## ASSIGNMENT
Repeat every line of the data exactly; no picture belongs in the copy.

## DATA FOR PROCESSING
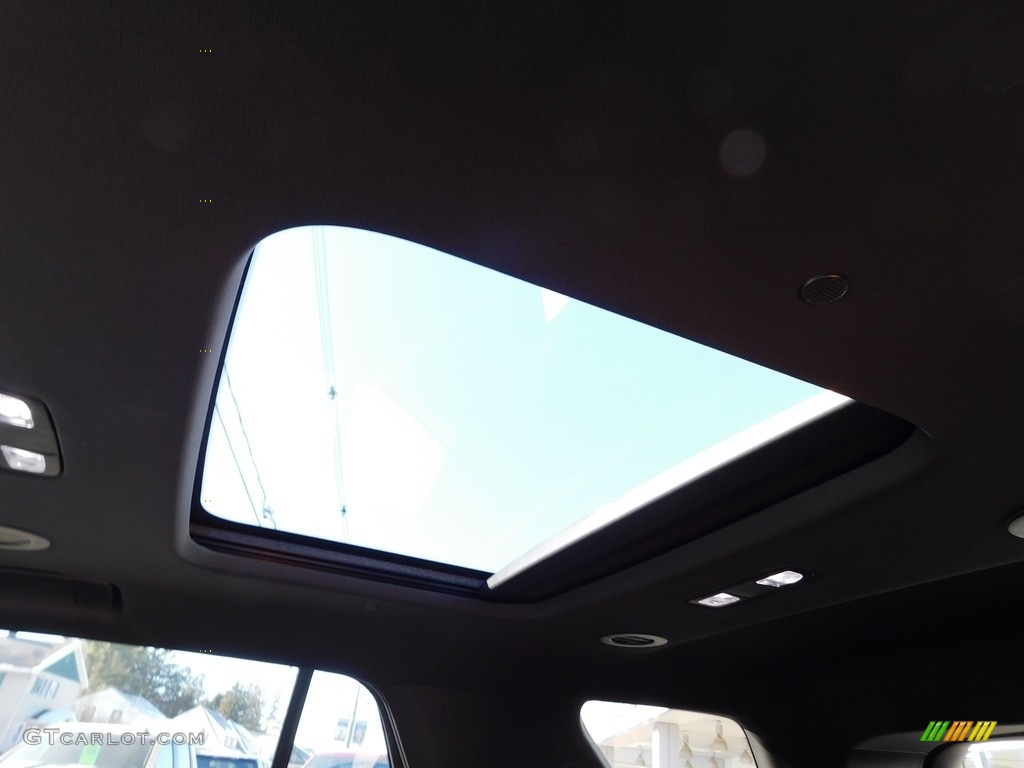2023 Chevrolet Traverse High Country Sunroof Photos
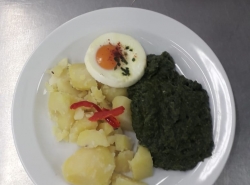 Sázené vejce, dušený špenát, vařený brambor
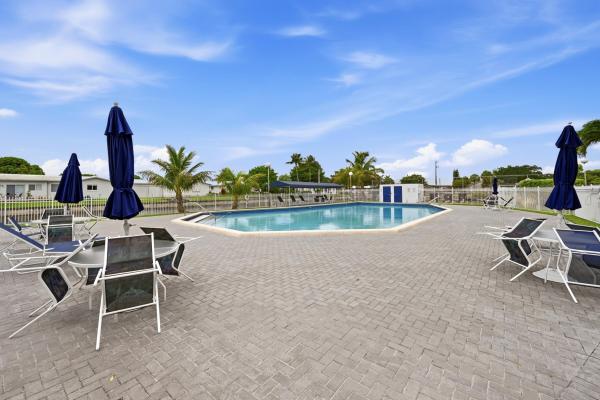 Sunset Isle 13, 8410 NW 59th Pl, Tamarac, Florida 33321, image 3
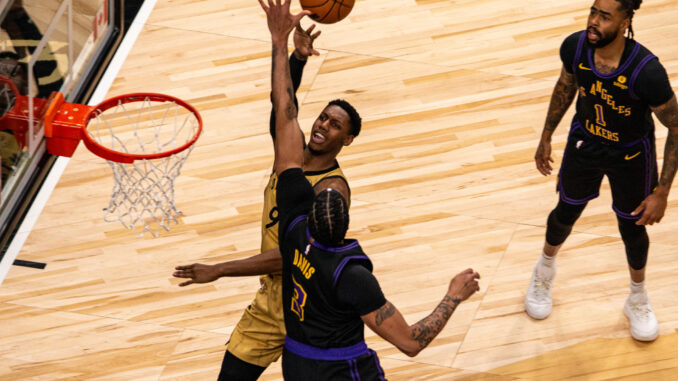 El jugador de los Toronto Raptors RJ Barrett tira a canasta frente a Anthony Davis de Los Angeles Lakers durante un partido en el Scotiabank Arena en Toronto (Canadá). EFE/ Julio César Rivas
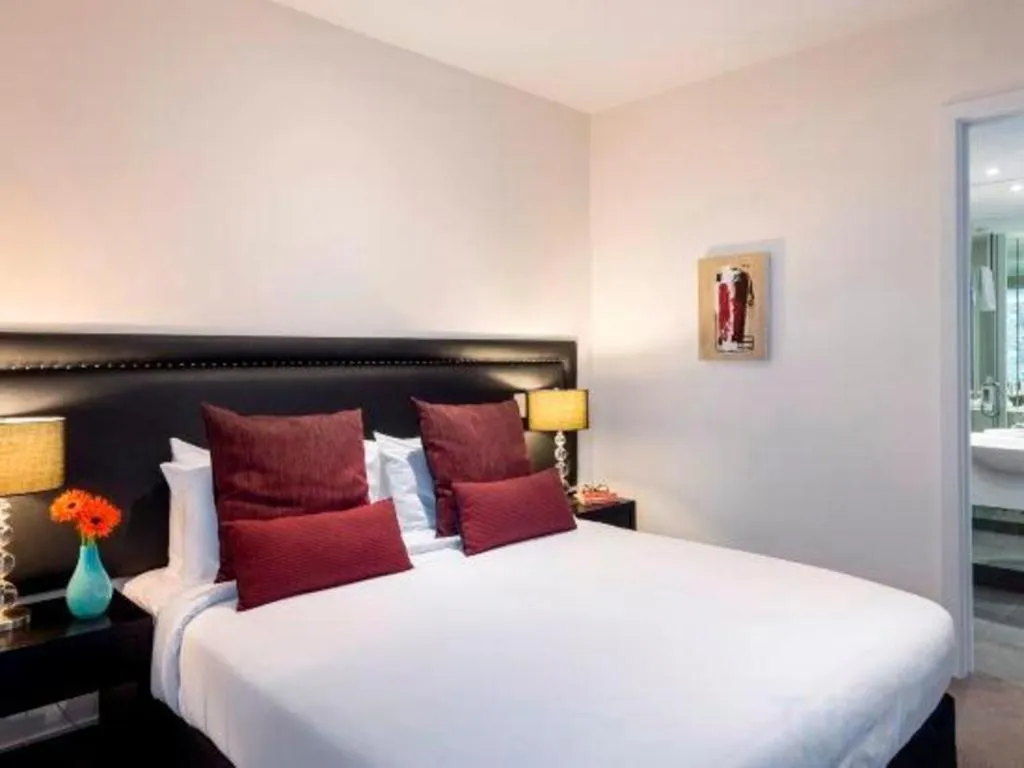 Bed in Oaks Queenstown Club Suites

## EXERCISE ANSWER
2023 Chevrolet Traverse High Country Sunroof Photos
 Sázené vejce, dušený špenát, vařený brambor
 Sunset Isle 13, 8410 NW 59th Pl, Tamarac, Florida 33321, image 3
 El jugador de los Toronto Raptors RJ Barrett tira a canasta frente a Anthony Davis de Los Angeles Lakers durante un partido en el Scotiabank Arena en Toronto (Canadá). EFE/ Julio César Rivas
 Bed in Oaks Queenstown Club Suites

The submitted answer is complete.